"Then I will do nothing."
Colville laughed at this too, and soon after the clergyman appeared. Imogene met him so coldly that Colville felt obliged to make him some amends by a greater show of cordiality than he felt. But he was glad of the effort, for he began to like him as he talked to him; it was easy for him to like people; the young man showed sense and judgment, and if he was a little academic in his mind and manners, Colville tolerantly reflected that some people seemed to be born so, and that he was probably not artificial, as he had once imagined from the ecclesiastical scrupulosity of his dress.
Imogene ebbed away to the piano in the corner of the room, and struck some chords on it. At each stroke the young clergyman, whose eyes had wandered a little toward her from the first, seemed to vibrate in response. The conversation became incoherent before Mrs. Bowen joined them. Then, by a series of illogical processes, the clergyman was standing beside Imogene at the piano, and Mrs. Bowen was sitting beside Colville on the sofa.

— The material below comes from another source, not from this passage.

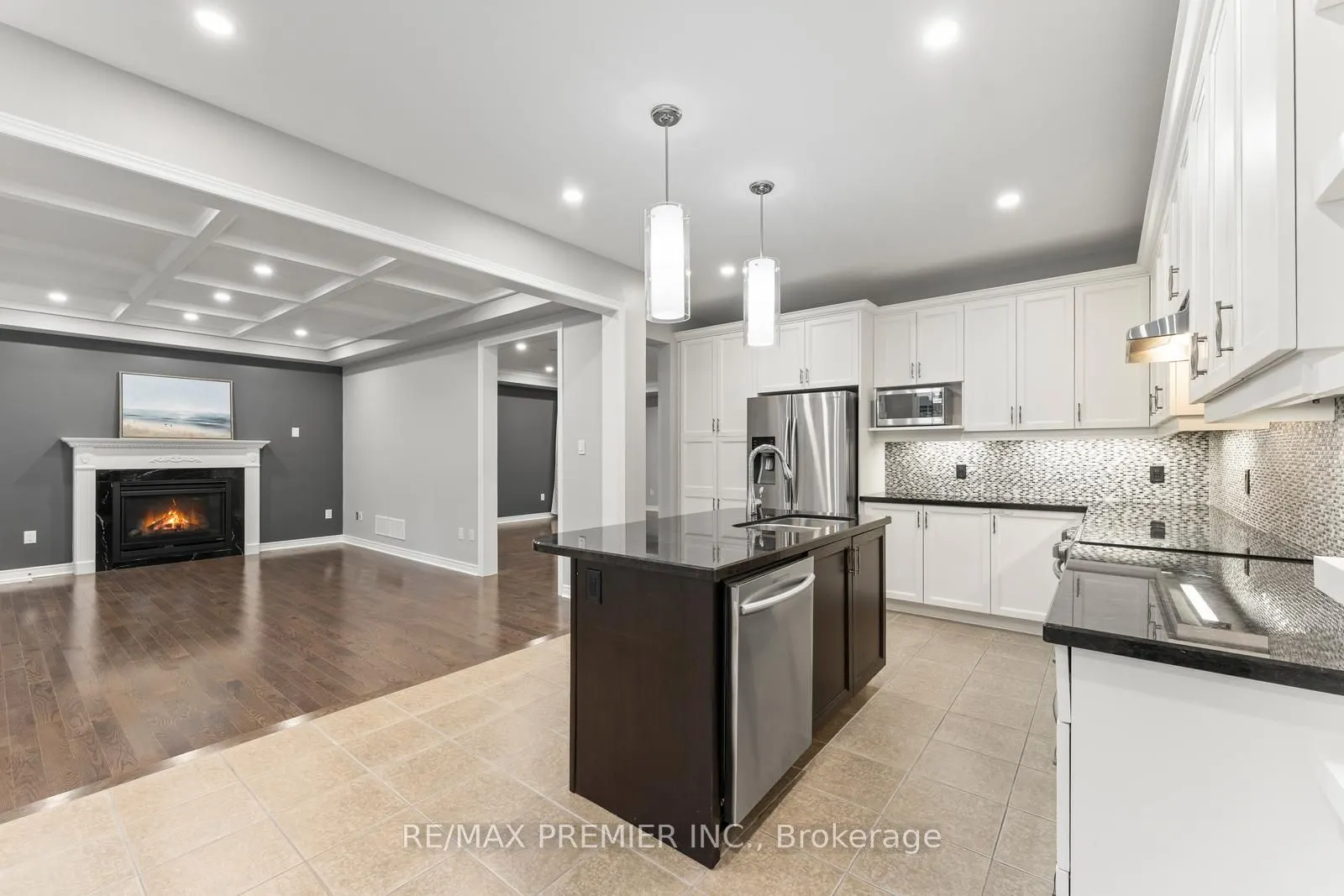 71 Hoey Crescent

"Isn't there to be any Effie, to-night?" he asked.
"No. She has been up too much of late. And I wished to speak with you—about Imogene."
"Yes," said Colville, not very eagerly. At that moment he could have chosen another topic.
"It is time that her mother should have got my letter. In less than a fortnight we ought to have an answer."
"Well?" said Colville, with a strange constriction of the heart.
"Her mother is a person of very strong character; her husband is absorbed in business, and defers to her in everything."
"It isn't an uncommon American situation," said Colville, relieving his tension by this excursion.